Cuando el único oficial americano que estaba en la nave, a cargo de comunicaciones, ordenó que se siguiera la ruta hacia el norte, Yito le manifestó que la Marina americana no había dado señales de vida y que como el telegrafista no tenía autoridad, los cubanos tomarían el rumbo que ellos decidieran. Después de una difícil búsqueda, al volver a Miami, nos enteramos del heroísmo y el desastre de la Brigada y de cómo continuar la lucha.

Nos encontramos entonces con un exilio que seguía cambiando. La lucha armada se tornaba remota y grupos civiles se organizaban y se multiplicaban en Miami. La mayor parte de los exiliados seguían aferrados a la esperanza de volver pronto. Fue entonces que la mujer avanzó en la lucha por la libertad. Allá en Cuba y en Miami la mujer contribuyó a cerrar filas y a ajustarse al sacrificio de trabajar en tierra ajena, o bajo la dictadura totalitaria, de repartir propaganda o dar con los huesos en la cárcel. Allá en la isla, con una educación oficial y poca comida, hay cientos de mujeres que se sacrifican día y noche para salvar a sus familias. Valdría la pena levantar un monumento a la mujer cubana que aquí y allá le ha rendido todo a su pueblo.

El número de mujeres que merecen homenaje es infinito. De ahí que sea a veces necesario elegir a una que represente a muchas. Y eso lo hago hoy ante una persona que no sólo tiene la validez de un carácter colectivo que ha cruzado fechas inmortales para los cubanos. Se trata de una señora, hija de un joven médico de Puerto Rico que se unió a los mambises y fue nombrado coronel del ejército cubano. Ella vivió en un ambiente de cultura musical y era conocida por su generosidad. Cuando llegó el momento de partir al exilio, ella mantuvo su carácter. Pero en esa vida tres fechas requieren especial atención.

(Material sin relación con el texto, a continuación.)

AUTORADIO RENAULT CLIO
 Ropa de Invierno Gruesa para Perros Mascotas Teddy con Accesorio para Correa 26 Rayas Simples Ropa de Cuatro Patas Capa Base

La primera es que Carmen Mascaró de Mestre nació en Santiago de Cuba, que es el corazón de la isla. La segunda se refiere al dato de que nació en 1902, el año en que nació la República de Cuba. Lo cual quiere decir que Carmen Mascaró de Mestre llegó a la vida en el mismo momento histórico en que nació la República. Y que, como pocos mortales, ella vio nacer y crecer la República y la vio ser aplastada por la dictadura. Más ella sigue abrazada a la esperanza de ver caer a la tiranía. Y surgiendo de ella esa esperanza es atendible, porque hace muy poco, dato tercero, Carmen cumplió cien años, y con muy poco de vista y nada de quejumbre sigue recitando de memoria los poemas de su juventud.

Hay un cuarto dato que apenas tiene importancia, y es que la señora Carmen Mascaró de Mestre es bisabuela de mi nieta Katarina, quien quizá pueda abrigar una larga visión de la historia. Un largo aplauso para doña Nena.